■自分の母親役を作り続けた800歳の少年『人魚の傷』

 旅の中で、いくつもの人魚絡みの血生臭い出来事を乗り越えていく湧太と真魚。二人は電車の中で、母親に会いに来たという男児・真人と出会う。『人魚の傷』は、この真人の物語だ。

 2年後、湧太は家政婦に連れられた真人と再会し、数年前に事故で大火傷を負って死んだはずの彼の母が傷一つない状態で生き返ったというきな臭い噂を耳にする。人魚絡みを悟った湧太らが家を訪ねると、母親が真人に「人魚の肉をどこに隠した」と刃物を振り下ろしているところだった。

 だが後日、物語は急展開を迎える。悲劇の子と思われていた真人が、退職する家政婦に人魚の肉を食べさせてなりそこないにしたのだ。そして、止めに入った湧太に瀕死状態の母親が「真人に騙されるな。私があいつと初めて会ったのは東京大空襲の翌日だった」と驚愕の事実を明かす。

 実は、真人こそが800年の時を生きる不老長寿だった。子供ゆえ一人で生きられない彼は、戦争で家族を失った美沙を不老長寿にしたように、自分の母親役として多くの女性を不老長寿にし使い捨ててきたのだ。

 死が近い母親役の代わりとして真魚に狙いを定めた真人は、湧太を消そうと命を狙う。しかし、必死に湧太を守る真魚を見ると彼女を諦め「生きてたらまた会おうぜ」と旅立っていくのだった。その後、運転する車がトラックとぶつかって生死不明となったが、彼はどうなったのだろうか。
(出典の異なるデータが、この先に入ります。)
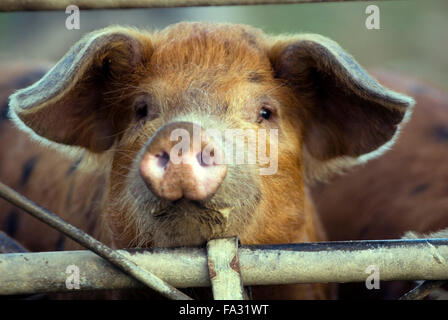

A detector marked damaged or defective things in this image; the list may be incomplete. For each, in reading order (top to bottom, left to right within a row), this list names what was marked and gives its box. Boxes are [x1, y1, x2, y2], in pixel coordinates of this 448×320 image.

rusty metal bar [0, 181, 191, 302]
rusty metal bar [0, 239, 448, 296]
rusty metal bar [206, 235, 245, 300] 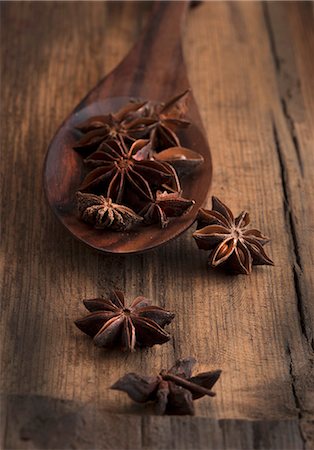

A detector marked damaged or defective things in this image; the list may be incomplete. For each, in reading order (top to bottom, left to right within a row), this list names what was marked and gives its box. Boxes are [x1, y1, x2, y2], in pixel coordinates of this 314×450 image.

broken star anise [79, 137, 180, 204]
broken star anise [75, 191, 142, 230]
broken star anise [139, 190, 194, 229]
broken star anise [193, 197, 274, 274]
broken star anise [75, 292, 175, 352]
broken star anise [110, 356, 221, 416] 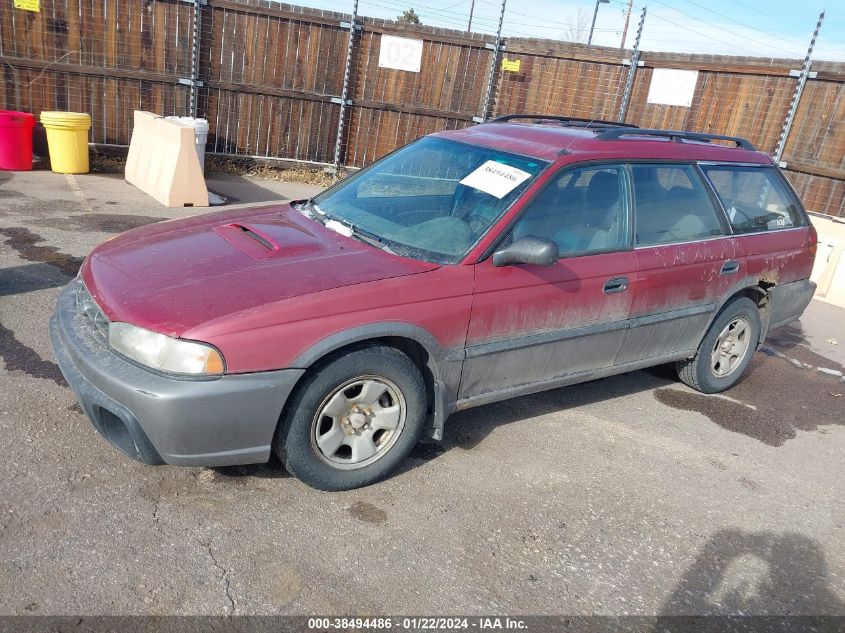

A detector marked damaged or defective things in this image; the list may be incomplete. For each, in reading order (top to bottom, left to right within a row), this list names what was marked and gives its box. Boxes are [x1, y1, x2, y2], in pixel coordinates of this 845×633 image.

crack in pavement [197, 540, 236, 612] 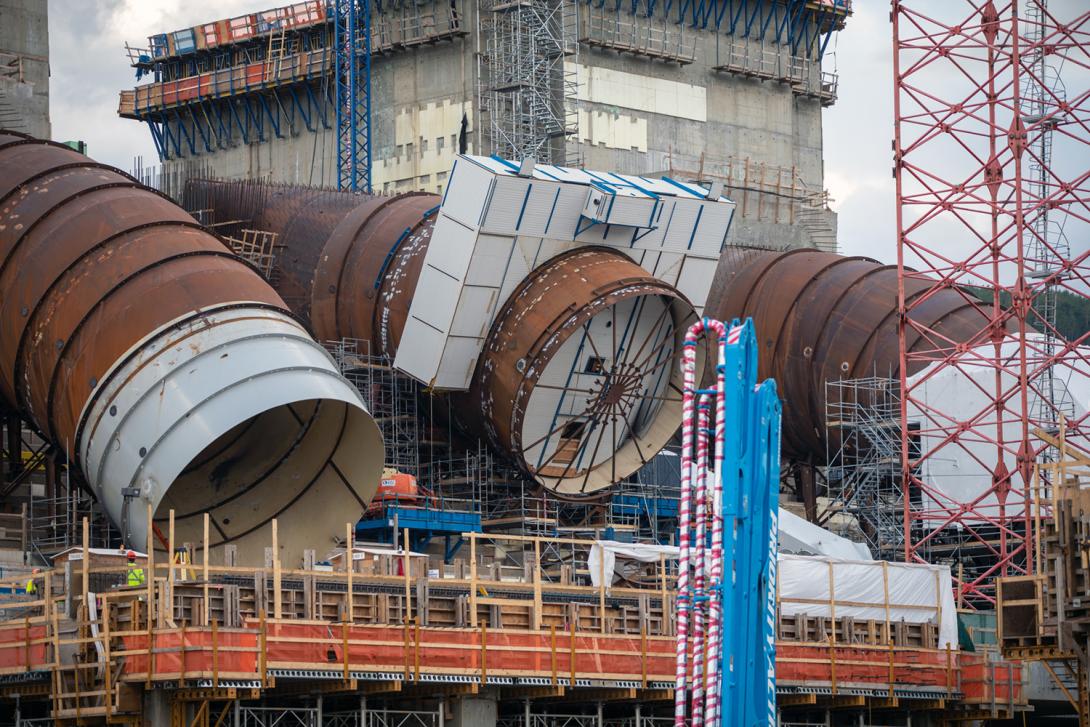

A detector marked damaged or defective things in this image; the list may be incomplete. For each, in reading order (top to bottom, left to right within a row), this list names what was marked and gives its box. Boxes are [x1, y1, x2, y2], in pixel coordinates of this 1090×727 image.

rusty steel pipe [0, 134, 382, 560]
rusty steel pipe [183, 180, 700, 498]
rusty steel pipe [704, 246, 996, 460] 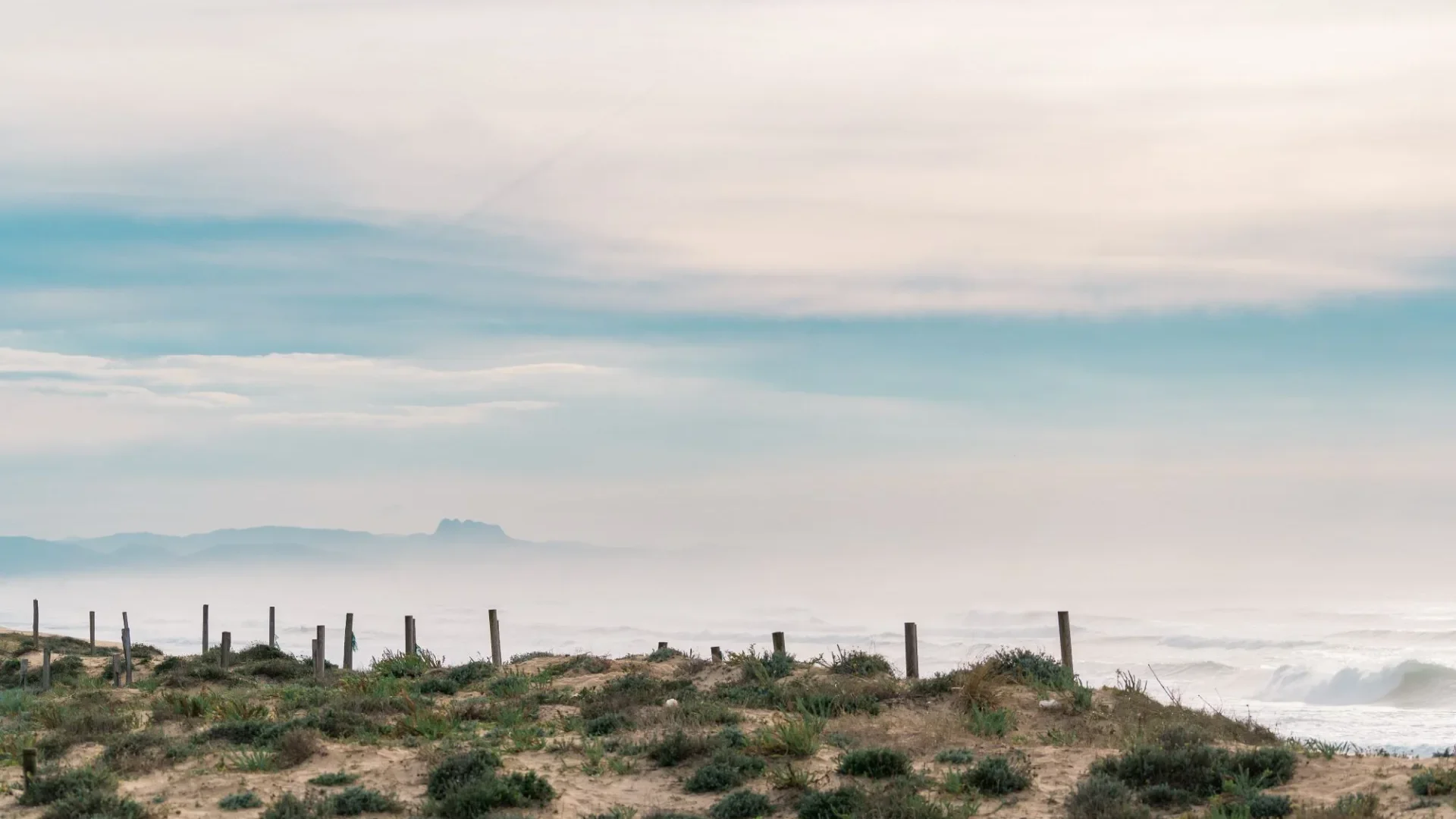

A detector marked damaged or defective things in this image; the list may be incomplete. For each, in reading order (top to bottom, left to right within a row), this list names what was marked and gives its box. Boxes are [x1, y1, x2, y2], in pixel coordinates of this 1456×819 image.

short broken post [896, 620, 920, 679]
short broken post [1054, 612, 1077, 676]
 真人の行動は、間違いなく残酷だ。だが、母親役が死んだ時には涙を拭っており、彼女への愛着も匂わせている。「おれたちみたいのがいちいち人を好きになってちゃ、たまらねえじゃねえか……」と湧太にこぼす姿からも、800年孤独に生きてきた彼の寂しさが伝わりやるせない気持ちになってしまう。

 この他にも、『人魚』シリーズは名作ばかり。読み切りながらこの内容が濃く、しかも、これらを『うる星やつら』や『らんま1/2』の連載中に描いていたのだから、今の若いファンが知ると驚くのではないだろうか。1994年以降発表されていないが、続編を待ち続けるファンは多いだろう。